Activities in the Cultural and Regional Studies Course “Rural Economics” Laboratory MAHARJAN Keshav Lall, Professor 主な研究 農村経済論と南アジア研究

「課題の発見や解決には “一緒に”という姿勢が大切。 小さな規模でできることは 何かを考え、行動する」 文化動態コース 「農村経済学」研究室 MAHARJAN Keshav Lall 教授

    CONTENTS

  • 農村の生活の様子を理解する ~生産活動と消費活動を見る
  • 農村の生活改善と農村開発とは
  • 農村の持続的開発・持続的開発を考える築

研究の概要と対象地域

マハラジャン先生の専門は、発展途上国の農村を対象として、農村の開発や農業経済、農村の生活改善等について研究を進める「農村経済学」という分野である。先生の一連の研究は、学習―現地調査―実証―体系化―理論化・概念化―実証―他の国に適用、といった手法で行われ、これまでも、日本国内からバングラデシュ、ネパール、インド、インドネシアなどへと対象地域は次々に拡大。現地では、近代的な技術の応用・成果を転化していくという試みを実践したり、人々の生活改善における影響を分析したりしてさまざまな農村の暮らしの変化、実際の生活ぶりを実証分析などから確認してきている。

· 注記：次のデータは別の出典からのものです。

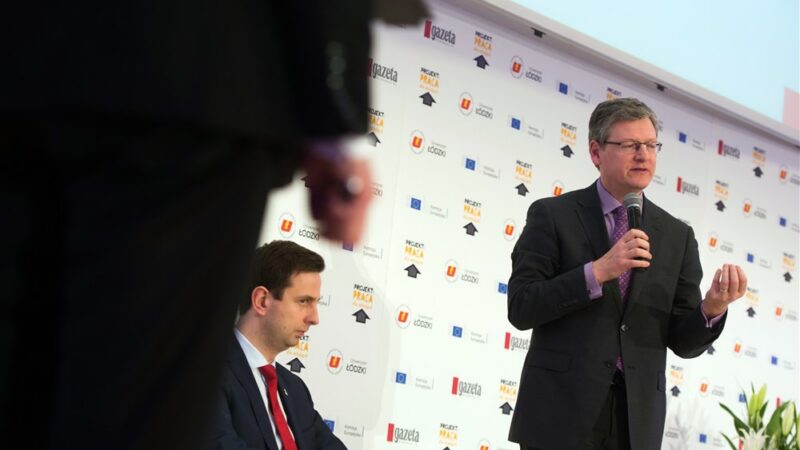 EU musí řešit ekonomické problémy spolu s&nbsp;těmi sociálními, shodli se experti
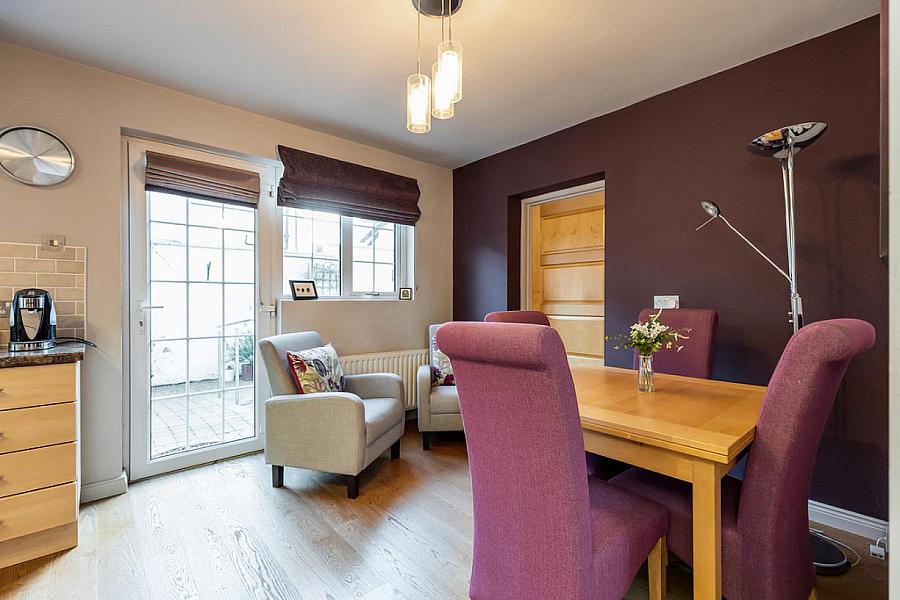 4 Chippendale Gardens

専門領域: 農村経済学 Rural Economics

農村の生活の様子を理解する~生産活動と消費活動を見る

農村経済学をベースとする先生の研究ではまず、農村の生活がどのように成り立っているのかを見ていく。

その1つが「生産活動」だ。第一は「食糧生産」である。その地域や国の主食を基本に副食までを見ていく。主食は米や麦、トウモロコシ、大麦、ヒエ、ジャガイモなど。副食は野菜類や果物、家畜産物、あるいは鹿や野鳥を獲ったり、草や牛糞で育つ鯉を養殖する場合もある。このように、農村の中の資源を利用した生産活動は大半が食糧と結びついている。多くの場合自産自消である。

しかしその後、時代の要請によってパラダイムが変化し、食糧だけでなく都市と同じような生活ニーズから、農村では調達できないものを得るために現金収入が必要になってくる。

そうして次に生産するのが「換金作物」である。小農の自給自足的な生活から少しずつ「販売して現金化する」ようになってくるのだ。

ただし、小農ではたくさんはつくれないため、グループ化して共同出荷するようになる。すると、仲買人が買ってくれるようにもなり、現金が農村内でも流通するようになり、農村では従来よりも高い水準で生活ができるようになってくる。このようにして、次第にカネ社会が浸透していき、さらに進むと、「出稼ぎ」に出ることにもなるという。「標高3,000mの山村ナムチェバザール(ネパール)でも現金が当たり前の状況になっていることが象徴されるようにどんな僻村であっても途上国の農村は貨幣化されている」と先生は言う。

その次に見るのが「消費活動」だ。生産が消費と結びついていれば、ある程度安定した生活がおくれていると見ていい。しかし、ここでさらに見るべきは、「家庭の中で誰が消費しているか」ということだ。アジアの多くの農村ではまず、一家の大黒柱であるとされる男が食べ、その後に子ども、年配のひと、最後に主婦という順になっている。

「主婦というのは、家事労働+農業労働+家庭の再生産(出産)を行って、消費では残り物を食べる訳です。アジアではほとんどが父系社会であるために、ジェンダーバランスに欠けているところがあるんですね。そこで、誰が消費しているかをちゃんと見る必要があるんです」と先生。
このように、「生産活動」と「消費活動」とを併せて見ることで、「生活が良くなっているかどうか」が把握できる。さらに、先生によれば、農村研究をやっていくとおのずと文化の話になってくるという。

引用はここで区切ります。